The 92-year-old Deming has a habit of making administrators feel uncomfortable. Merit pay: Malarkey, he scolds. Student grades and the ranking of schools by test scores: Disastrous. Teacher evaluations: Eliminate them.

Instead, what Deming and his fellow management gurus preach is an approach to transforming large, complex organizations known as Total Quality Management. Initially viewed as a way to make big businesses more productive and efficient, in the last decade TQM has been sold as a generic approach that can work for any large-scale organization--including school districts.

Although experts on "quality'' differ on specifics, they all embrace a set of core values. These include a strong focus on customer satisfaction and doing things right the first time, executive-level leadership, and greater investments in employee education and training. In quality companies, empowered workers make decisions based on data that help promote "continuous improvements'' in products and services.
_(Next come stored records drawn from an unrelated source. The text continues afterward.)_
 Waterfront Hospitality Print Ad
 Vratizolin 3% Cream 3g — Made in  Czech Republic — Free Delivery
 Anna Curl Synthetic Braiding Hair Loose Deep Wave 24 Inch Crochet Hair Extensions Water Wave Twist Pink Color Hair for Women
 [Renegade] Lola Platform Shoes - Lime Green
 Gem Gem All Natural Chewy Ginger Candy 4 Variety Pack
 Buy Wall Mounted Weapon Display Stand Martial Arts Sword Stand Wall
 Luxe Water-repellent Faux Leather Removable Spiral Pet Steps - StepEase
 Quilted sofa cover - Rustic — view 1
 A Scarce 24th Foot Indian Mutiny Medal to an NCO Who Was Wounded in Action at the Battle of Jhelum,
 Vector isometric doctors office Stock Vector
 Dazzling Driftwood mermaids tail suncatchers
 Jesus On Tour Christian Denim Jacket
Now, the holistic approach that has already surged through U.S. manufacturing and industry, government agencies, and health care providers is finding its way into the schools. Last year, the American Association of School Administrators created a Total Quality Network, which has attracted more than 300 paying members who sign up to receive a newsletter, attend seminars and workshops, and get discounts on Deming videotapes. The National Alliance of Business has launched a project to help apply TQM to schools. And scores of school districts are either trying to implement quality techniques or are considering doing so.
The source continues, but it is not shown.